Friday, January 6, 2012


One of the joys of living in sparsely populated northeast Missouri is the dearth of traffic. That's especially true at 4:30 am, which is when I aim to pull out of Rutledge to catch the early train to Chicago—departing Quincy IL promptly at 6:12 am every day.

I took that trip this morning, but the ride didn't turn out to be quite so mundane as I have become accustomed to finding it. There wasn't any more traffic than usual; there just wasn't as much fuel as usual either—and when the dashboard pinged to inform of us of that inconvenience it was too late to swap out cars. We needed diesel at 5 am and were not in a position to drive very far out of our way to hunt for it. Suddenly, things got a lot more exciting.

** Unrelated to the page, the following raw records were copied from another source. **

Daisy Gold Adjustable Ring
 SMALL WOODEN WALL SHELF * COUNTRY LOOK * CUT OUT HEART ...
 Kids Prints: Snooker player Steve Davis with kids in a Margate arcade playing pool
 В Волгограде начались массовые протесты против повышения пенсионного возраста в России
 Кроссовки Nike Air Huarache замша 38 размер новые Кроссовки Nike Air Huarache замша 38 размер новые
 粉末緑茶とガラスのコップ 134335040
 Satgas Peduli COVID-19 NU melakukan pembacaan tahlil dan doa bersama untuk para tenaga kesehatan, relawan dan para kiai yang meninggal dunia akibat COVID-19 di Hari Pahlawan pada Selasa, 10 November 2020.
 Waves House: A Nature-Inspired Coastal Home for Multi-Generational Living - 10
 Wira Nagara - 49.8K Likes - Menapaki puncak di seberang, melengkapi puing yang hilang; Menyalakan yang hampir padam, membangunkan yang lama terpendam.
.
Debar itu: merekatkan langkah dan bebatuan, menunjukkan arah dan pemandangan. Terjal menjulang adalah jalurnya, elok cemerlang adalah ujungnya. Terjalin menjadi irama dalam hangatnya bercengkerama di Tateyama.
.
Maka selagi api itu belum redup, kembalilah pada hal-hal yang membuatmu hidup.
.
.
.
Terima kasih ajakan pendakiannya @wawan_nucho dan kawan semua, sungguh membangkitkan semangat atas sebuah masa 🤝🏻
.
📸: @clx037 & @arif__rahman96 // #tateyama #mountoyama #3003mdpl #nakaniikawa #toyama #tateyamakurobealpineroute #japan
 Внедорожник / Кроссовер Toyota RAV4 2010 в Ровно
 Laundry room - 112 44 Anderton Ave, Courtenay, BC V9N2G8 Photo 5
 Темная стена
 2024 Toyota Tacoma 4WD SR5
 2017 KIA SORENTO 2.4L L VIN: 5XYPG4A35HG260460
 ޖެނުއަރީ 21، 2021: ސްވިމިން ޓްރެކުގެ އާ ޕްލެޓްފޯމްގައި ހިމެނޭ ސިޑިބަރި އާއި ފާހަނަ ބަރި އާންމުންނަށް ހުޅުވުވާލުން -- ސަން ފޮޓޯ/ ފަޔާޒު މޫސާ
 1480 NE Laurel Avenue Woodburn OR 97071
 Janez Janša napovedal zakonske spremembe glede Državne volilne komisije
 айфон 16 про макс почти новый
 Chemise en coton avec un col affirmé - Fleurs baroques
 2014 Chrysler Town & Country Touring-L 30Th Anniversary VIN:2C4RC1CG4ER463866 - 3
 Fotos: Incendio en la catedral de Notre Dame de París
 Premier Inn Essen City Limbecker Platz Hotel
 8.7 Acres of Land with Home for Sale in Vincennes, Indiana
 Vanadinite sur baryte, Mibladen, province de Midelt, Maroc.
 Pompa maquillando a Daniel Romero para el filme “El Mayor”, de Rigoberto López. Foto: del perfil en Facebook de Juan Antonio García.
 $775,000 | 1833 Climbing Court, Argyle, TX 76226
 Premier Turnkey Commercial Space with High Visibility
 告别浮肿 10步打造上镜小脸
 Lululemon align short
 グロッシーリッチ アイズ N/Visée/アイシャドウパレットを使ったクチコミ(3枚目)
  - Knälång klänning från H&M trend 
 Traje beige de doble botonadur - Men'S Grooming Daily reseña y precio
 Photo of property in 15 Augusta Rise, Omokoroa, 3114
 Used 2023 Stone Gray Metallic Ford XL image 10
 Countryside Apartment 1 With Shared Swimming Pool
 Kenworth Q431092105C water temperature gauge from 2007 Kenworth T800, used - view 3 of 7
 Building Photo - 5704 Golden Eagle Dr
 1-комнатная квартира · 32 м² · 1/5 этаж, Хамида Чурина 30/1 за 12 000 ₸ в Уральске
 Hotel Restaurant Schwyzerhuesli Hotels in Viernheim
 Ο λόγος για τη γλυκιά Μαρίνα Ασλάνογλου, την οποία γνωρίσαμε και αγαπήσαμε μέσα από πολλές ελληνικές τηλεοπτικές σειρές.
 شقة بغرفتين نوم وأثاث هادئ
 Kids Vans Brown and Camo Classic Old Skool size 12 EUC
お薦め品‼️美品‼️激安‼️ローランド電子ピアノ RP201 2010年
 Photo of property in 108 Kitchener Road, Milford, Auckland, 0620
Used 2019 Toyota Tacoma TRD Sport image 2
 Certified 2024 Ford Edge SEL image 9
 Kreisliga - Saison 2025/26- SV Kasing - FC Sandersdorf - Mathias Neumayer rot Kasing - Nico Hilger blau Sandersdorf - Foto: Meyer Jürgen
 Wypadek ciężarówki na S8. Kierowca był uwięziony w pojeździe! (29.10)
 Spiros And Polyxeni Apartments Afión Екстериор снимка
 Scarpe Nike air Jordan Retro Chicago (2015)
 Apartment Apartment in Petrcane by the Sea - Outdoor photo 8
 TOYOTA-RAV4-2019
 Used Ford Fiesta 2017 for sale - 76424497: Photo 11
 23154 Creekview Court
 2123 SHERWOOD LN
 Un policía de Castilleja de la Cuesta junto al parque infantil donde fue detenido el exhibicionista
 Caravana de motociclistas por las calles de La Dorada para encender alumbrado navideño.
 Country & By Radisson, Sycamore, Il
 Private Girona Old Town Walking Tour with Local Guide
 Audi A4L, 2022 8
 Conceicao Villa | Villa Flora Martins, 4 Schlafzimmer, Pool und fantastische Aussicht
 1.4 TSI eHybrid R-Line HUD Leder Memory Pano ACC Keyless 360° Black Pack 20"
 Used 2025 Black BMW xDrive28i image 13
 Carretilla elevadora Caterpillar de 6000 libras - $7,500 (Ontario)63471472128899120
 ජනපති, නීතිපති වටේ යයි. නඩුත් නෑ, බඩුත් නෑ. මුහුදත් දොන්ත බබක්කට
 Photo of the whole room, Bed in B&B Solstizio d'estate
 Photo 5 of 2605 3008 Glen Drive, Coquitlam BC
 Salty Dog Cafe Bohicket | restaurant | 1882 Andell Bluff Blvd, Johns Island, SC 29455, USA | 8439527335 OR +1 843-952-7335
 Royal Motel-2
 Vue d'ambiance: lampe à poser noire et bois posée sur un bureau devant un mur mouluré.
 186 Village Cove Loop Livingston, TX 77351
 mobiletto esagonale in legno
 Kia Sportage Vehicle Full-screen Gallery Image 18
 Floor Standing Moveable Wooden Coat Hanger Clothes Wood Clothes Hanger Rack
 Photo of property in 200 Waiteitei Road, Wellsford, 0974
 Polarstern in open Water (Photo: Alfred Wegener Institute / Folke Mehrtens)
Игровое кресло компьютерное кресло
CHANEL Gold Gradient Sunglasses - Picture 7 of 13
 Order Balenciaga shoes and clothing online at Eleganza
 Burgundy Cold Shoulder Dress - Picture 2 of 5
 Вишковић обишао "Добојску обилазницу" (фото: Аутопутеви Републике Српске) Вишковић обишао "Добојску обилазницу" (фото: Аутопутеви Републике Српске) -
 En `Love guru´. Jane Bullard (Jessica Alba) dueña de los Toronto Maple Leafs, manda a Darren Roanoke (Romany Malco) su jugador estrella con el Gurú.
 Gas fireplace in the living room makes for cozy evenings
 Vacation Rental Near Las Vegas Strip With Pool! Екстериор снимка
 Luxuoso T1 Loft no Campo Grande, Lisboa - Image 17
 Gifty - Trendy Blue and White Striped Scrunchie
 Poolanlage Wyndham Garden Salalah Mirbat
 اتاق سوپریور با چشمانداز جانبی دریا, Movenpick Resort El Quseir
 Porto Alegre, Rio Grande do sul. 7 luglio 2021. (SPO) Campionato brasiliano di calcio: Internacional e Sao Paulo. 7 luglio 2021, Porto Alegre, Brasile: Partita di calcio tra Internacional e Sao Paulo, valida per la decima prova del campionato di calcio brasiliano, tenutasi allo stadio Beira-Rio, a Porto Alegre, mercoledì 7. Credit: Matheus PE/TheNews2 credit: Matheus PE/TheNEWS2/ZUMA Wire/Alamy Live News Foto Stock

As we quickly decided to detour to Edina, the 15-minute cushion built into our schedule evaporated in a blink. Worse, we weren't sure we had enough fuel to reach Edina. As if that weren't challenge enough, we were also not sure the BP station would be open that early even if we made it that far.

While biting our nails, we quickly calculated our options for rerouting if we missed the Quincy train. We had the possibility of catching the eastbound Southwest Chief in La Plata MO, or the eastbound California Zephyr in Ottumwa IA, both of which were due in circa 10 am and would still get us comfortably to Chicago in time for our 9:30 pm departure on the Lake Shore Limited tonight.

(Amazingly, we have access to three daily trains to and from Chicago within a 60-mile radius. We almost always take the Quincy train because: a) it arrives earlier and can easily make all same-day connections with other trains; b) this train originates in Quincy and is thus almost never late, while the other two originate in California and have plenty of time to get into mischief en route; and c) it's half the price, due to subsidies from the state of Illinois.)

While changing trains wasn't our preference (it would take a gob more running around to make the connection and we'd pay an arm and a leg for last-minute tickets), it helped to know it wasn't Quincy or nothing.

Even after we glided into Edina on fumes and were lucky enough to have the station turn on its lights as we pulled in (we were their very first customer this morning), there was still a matter of hightailing it to Quincy in time. After refueling, we had exactly 68 minutes to cover 50 miles. It was going to be tight.

While it wasn't the most relaxing ride I can remember, Alline (our driver this morning) was up to the challenge and successfully eluded all wildlife and vehicles (including deer and highway patrol), and the train was blessedly still in the station as we skidded into the depot. After jumping out of the car, popping the trunk, and rushing aboard with our sundry baggage, we gratefully plopped into our seats and exhaled. The train pulled out two minutes later. Whew!

Tragedy of the Commons: Motorized Division

All the while we were doing this Keystone Kops routine, we were wondering why the car had so little fuel in it. At both Sandhill Farm and Dancing Rabbit we maintain a community-owned fleet of vehicles and the refueling norms are clear: Don't (as in never) return a car with less than a quarter tank of gas.

As you can easily imagine, it doesn't take many experiences like the one we had this morning to motivate folks to promulgate such a norm. The trick though, is getting people to follow it. When you're the only one using a vehicle, you're much more likely to be attuned to the fuel gauge. When you it's a vehicle you seldom use, you tend to be less diligent. If you're only going for a short ride, you may not even look at the fuel gauge at all.

Unfortunately, this kind of casualness translates into someone occasionally being caught short with few corrective options available. This morning, that someone was us.

While we dodged the bullet today, this story poignantly illuminates one of the challenges groups must face when resources are shared: how do you maintain the level of responsibility associated with sole ownership while at the same time enjoying the substantial economic leveraging of joint ownership. This is a work in progress.

• • •

Meanwhile, today is the start of a 23-day road trip, during which Ma'ikwe's and my wanderings will describe a giant circle (actually, it will look more like a basketball with one side stove in) around the eastern third of the US: Quincy IL to Chicago to Rochester NY to Gettysburg PA to Afton VA to Waynesboro TN to Fairhope AL, then back to the Windy City and home. Roughly 4500 miles all told. Who says you have to stay at home in the dead of winter?

We'll be doing a little of everything: visiting family, conducting a facilitation training, participating in FIC Oversight Committee meetings, and presenting a public award. It's a wardrobe challenge packing for both upstate NY and Mobile Bay in January, but we're tough (and so is Ma'ikwe's suitcase).